Jdbc Output Store Password String postgres Password for destination database
Jdbc Output Store Username String postgres Username for destination database
Jdbc Output Table Name String test_event_output_table Destination table name

Advanced Properties (optional)

Property Default Type Example Notes
Batch Size For Jdbc Input 300 int 1000 No of rows to fetch in single query for input.
Columns Expressions ACCOUNT_NO, NAME, AMOUNT String column1_name, column2_name, column3_name Comma separated list of columns to select from the source table.
Jdbc Input Database Driver org.postgresql .Driver String org.postgresql .Driver FQCN for jdbc driver class for source database
Jdbc Output Database Driver org.postgresql .Driver String org.postgresql .Driver FQCN for jdbc driver class for destination database
Number Of Partition Required 4 int 2 Number of partitions for reading data from JDBC source database. There will one additional partition used for polling the databse.
Tuple Class Name For Jdbc Input com.datatorrent. apps.PojoEvent String com.datatorrent. apps.PojoEvent POJO class representing input database row
Tuple Class Name For Jdbc Output com.datatorrent. apps.PojoEvent String com.datatorrent. apps.PojoEvent POJO class representing input database row.
Tuple Class Name For Transform Input com.datatorrent. apps.PojoEvent String com.datatorrent. apps.PojoEvent POJO class representing input for transform operator (if included in the DAG. Not included by default).
Tuple Class Name For Transform Output com.datatorrent. apps.PojoEvent String com.datatorrent. apps.PojoEvent POJO class representing output for transform operator (if included in the DAG. Not included by default).
Unique Key For Range Queries ACCOUNT_NO String id Column to be used for partitioning.
Where Condition String Where condition used for filtering rows from source table. Empty string indicates select all rows.

Notes

  • Application is configured for pre-defined schema mentioned here. For using this application for custom schema objects; changes will be needed in Application.java. One can define field info mapping for the input fields in addInputFieldInfos(). Simillarly, field info mapping for the output fields can be defined in addOutputFieldInfos().

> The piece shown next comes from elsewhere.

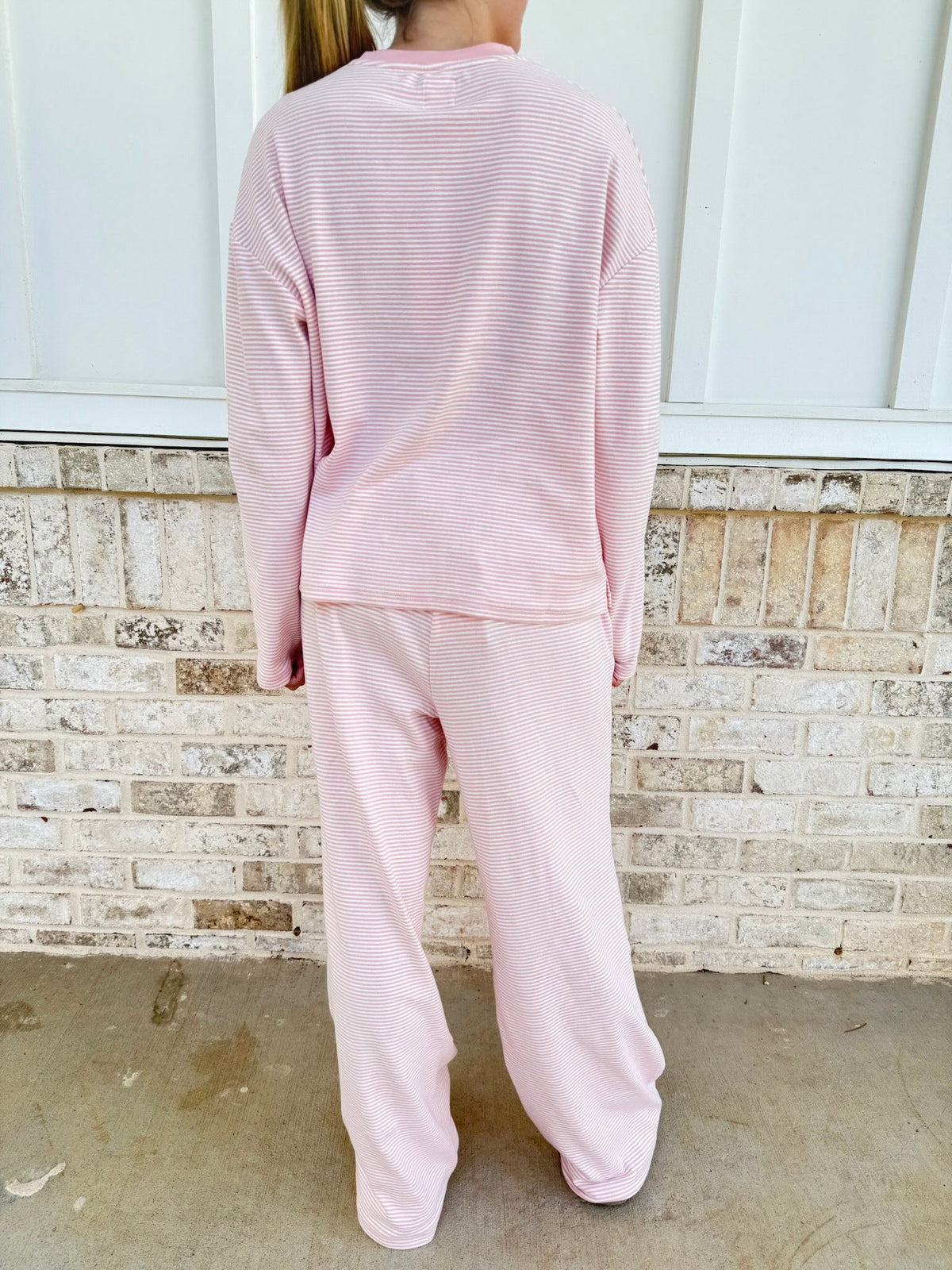 Ella Striped Oversized Loungewear Long Sleeve Top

  • PojoEvent is the POJO (plain old java objects used for representing record present in the database row). One can define custom class to represent custom schema and include it in the classpath. Configuration package can be used for this purpose.

  • This application has been tested with PostgreSQL database. But, this can be used on other databases like MySQL, Oracle etc provided that JDBC client jar for the same is available in the classpath. Please specify Jdbc Input Database Driver, Jdbc Output Database Driver properties to point to respective driver class for the database you are connecting to.